Glucose concentrations.
Whole-tissue glucose concentrations in snap-frozen medial and neointimal specimens as well as in cell culture media (DMEM) were analyzed using an enzymatic spectrophotometric assay (HK-50; Sigma, St. Louis, MO). Glucose consumption of cultured VSMCs was calculated by subtracting the glucose concentration in the collected media from the initial glucose concentration in the media (5.5 mmol/l).
ATP content.
Cellular ATP content was measured using a luciferase-based enzymatic assay from Boehringer Mannheim (Indianapolis, IN) according to the manufacturer’s directions.
NMR.
13C-NMR spectroscopy was used to characterize alterations in glucose metabolism as a result of stable upregulation of GLUT1 in VSMCs. The normal concentrations of glucose and pyruvate in DMEM media were replaced with 5.5 mmol/l uniformly labeled 13C-glucose ([U-13C]glucose) and 1 mmol/l [3-13C]pyruvate. Metabolism of [U-13C]glucose and [3-13C]pyruvate results in the formation of [1,2-13C]acetyl-CoA and [2-13C]acetyl-CoA, respectively. From acetyl-CoA, the 13C-label is transferred to the various tricarboxylic acid (TCA) cycle intermediates. The concentrations of the TCA cycle intermediates are below the level of detection by 13C-NMR spectroscopy. However, the concentration of glutamate is high enough to be observed and is in exchange with the TCA cycle via α-ketoglutarate and aspartate aminotransferase. Thus, measurement of the 13C-label incorporation into glutamate can be used as an index of entry of 13C-labeled acetyl-CoA into the TCA cycle. Using the phenomenon of spin-spin coupling, it is possible to determine the relative contributions of different 13C-acetyl-CoA molecules to the overall TCA cycle flux, as described in detail by Malloy et al. (28). These techniques have been used to study metabolism in intact tissues and organs as well as cells in culture (29,30,31). In addition to incorporation into acetyl-CoA, both glucose and pyruvate can be converted to lactate. [U-13C]glucose leads to the formation of [U-13C]lactate, and [3-13C]pyruvate to [3-13C]lactate. Thus, 13C-NMR spectroscopy also allows determination of the relative contributions of exogenous glucose and pyruvate to lactate formation. 13C-NMR resonances of glycogen are distinct from glucose; therefore, conversion of [U-13C]glucose into glycogen can also be determined.

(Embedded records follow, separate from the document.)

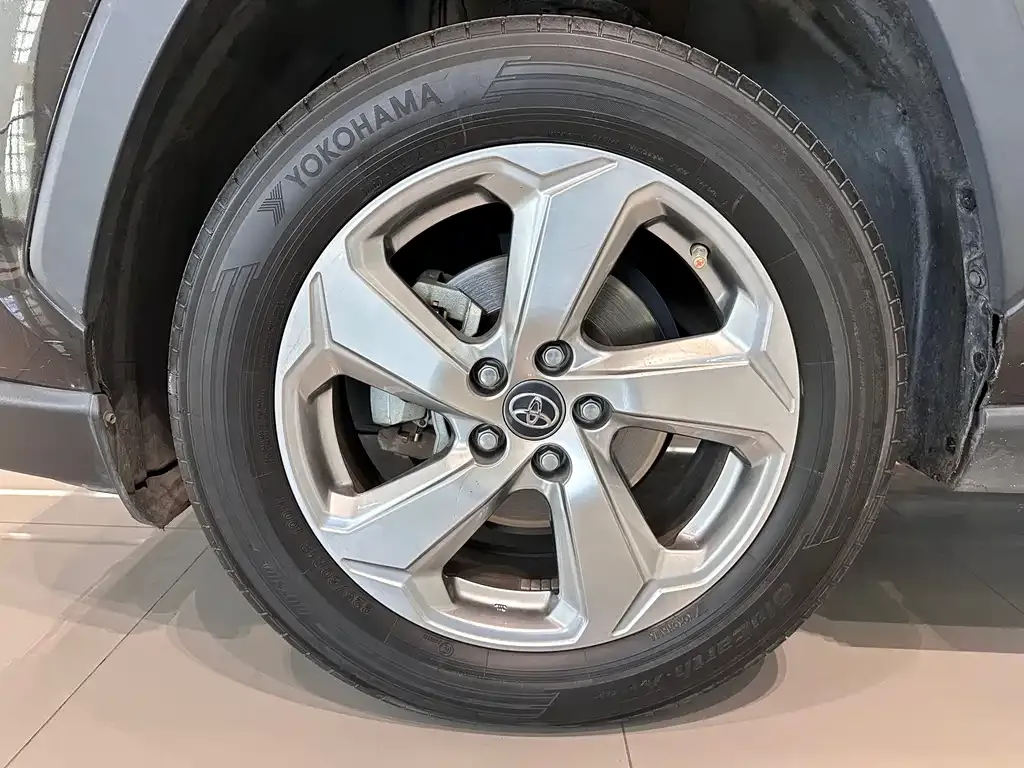 Toyota RAV4 — фото 3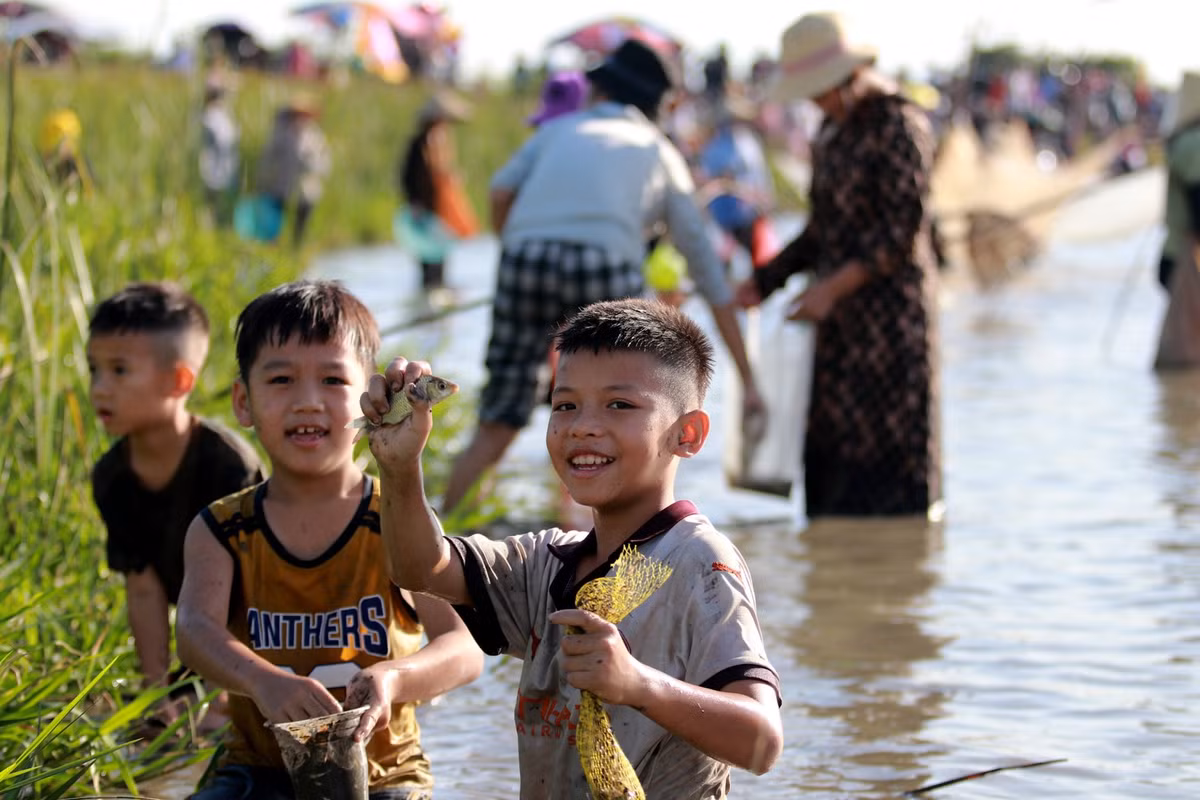 Hang tram nguoi tham gia le hoi bat ca Vuc Rao-Hinh-2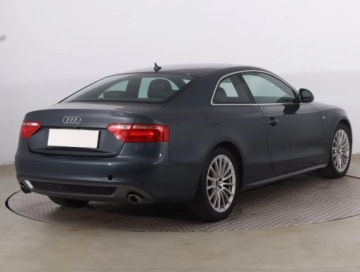 Audi A5 8T Coupe 2.7 TDI 190KM 2009 Audi A5 2.7 TDI, 187 KM, Automat, Skóra, Navi, zdjęcie 4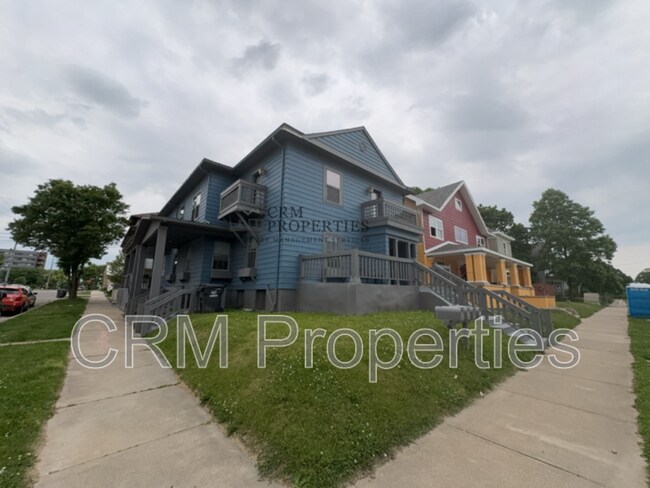 Building Photo - 302 E Walnut St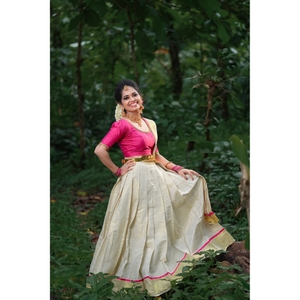 Bridal Kasavu Dhavani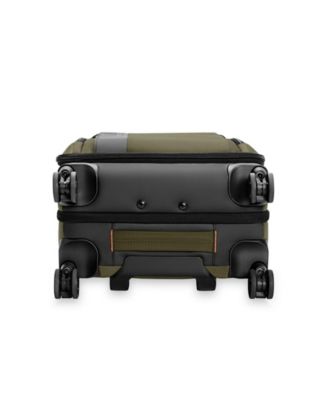 Essential 22" Carry-On Expandable Spinner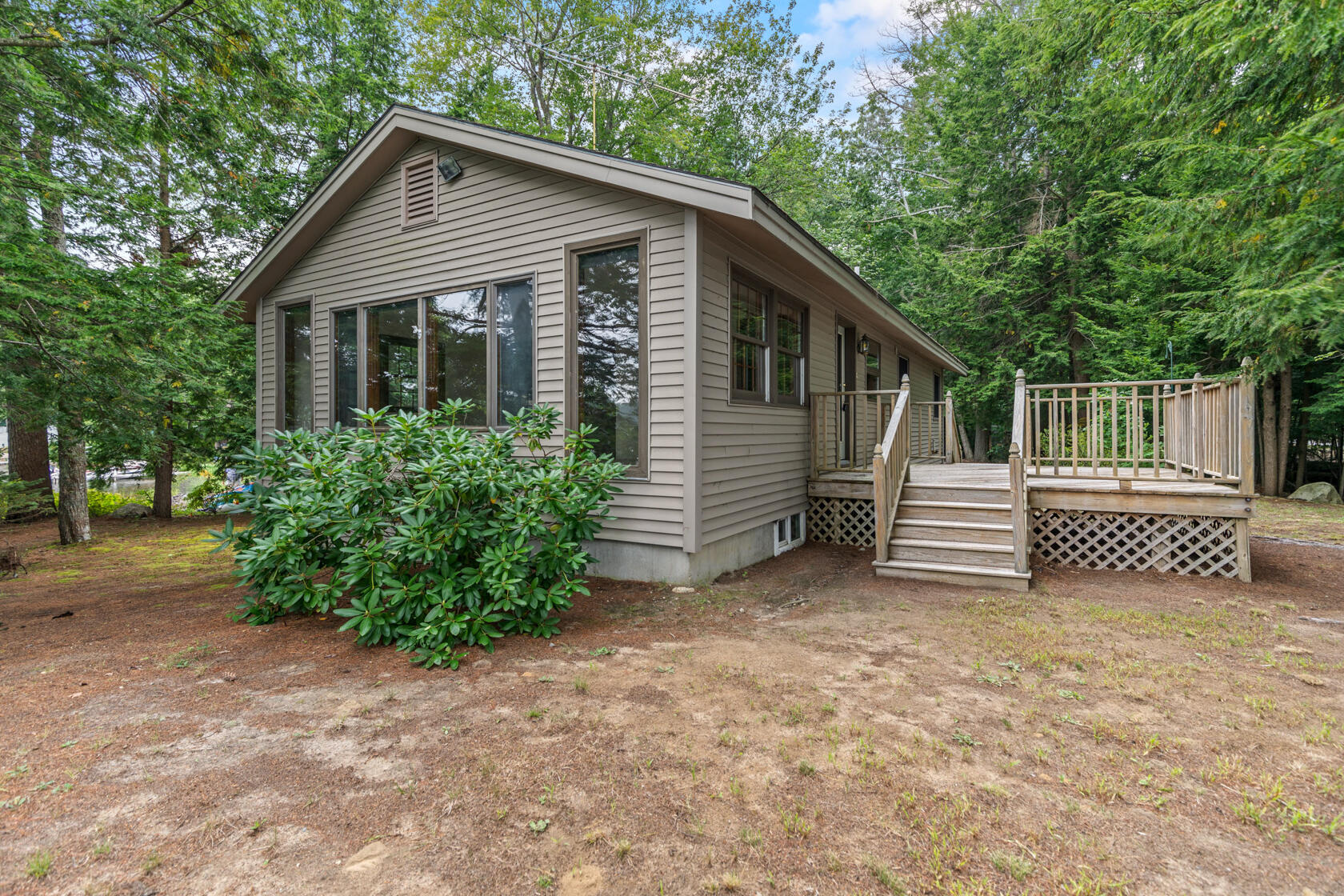 45 Lakeside Drive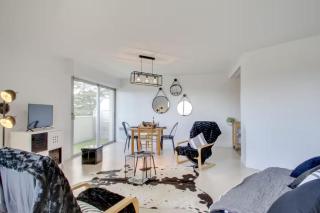 Bright apartment with balcony and sea view - 9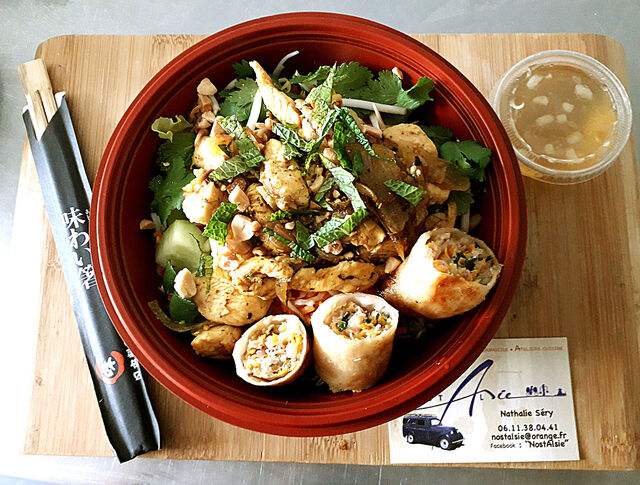 Salade Bobun aux nems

VSMCs with stable upregulation of GLUT1 or GFP were incubated in the labeled media for 24 h under serum-free conditions. Media were harvested and deproteinized and stored at −80°C before analysis. Cells were extracted in 6% perchloric acid (PCA) and centrifuged at 4,000g, and the protein-free supernatant was neutralized with KOH. The neutralized extract was stored at −80°C before analysis. Frozen superfusates were freeze-dried and resuspended in deuterium oxide, and the pH was adjusted to ∼7.0.
Spectra of extracts were collected on a Bruker MSL 500-WB spectrometer (Billerica, MA) equipped with an 11.85-T magnet using a 10-mm broad-band probe as described previously (30). The relative contributions of glucose and pyruvate to acetyl-CoA entry into the TCA cycle were determined from the analysis of glutamate isotopomer distribution (30) using software developed and provided by Dr. Mark Jeffrey (TCAcalc; University of Texas Southwestern Medical Center, Dallas, TX).
Statistical analysis.
Comparisons between two groups were analyzed via a Student’s t test (P < 0.05), and comparisons between three or more groups were analyzed via analysis of variance with a Student-Newman-Keuls post-hoc test (P < 0.05). Data are presented as means ± SE.
RESULTS
Upregulation of GLUT and glucose utilization in neointimal tissue.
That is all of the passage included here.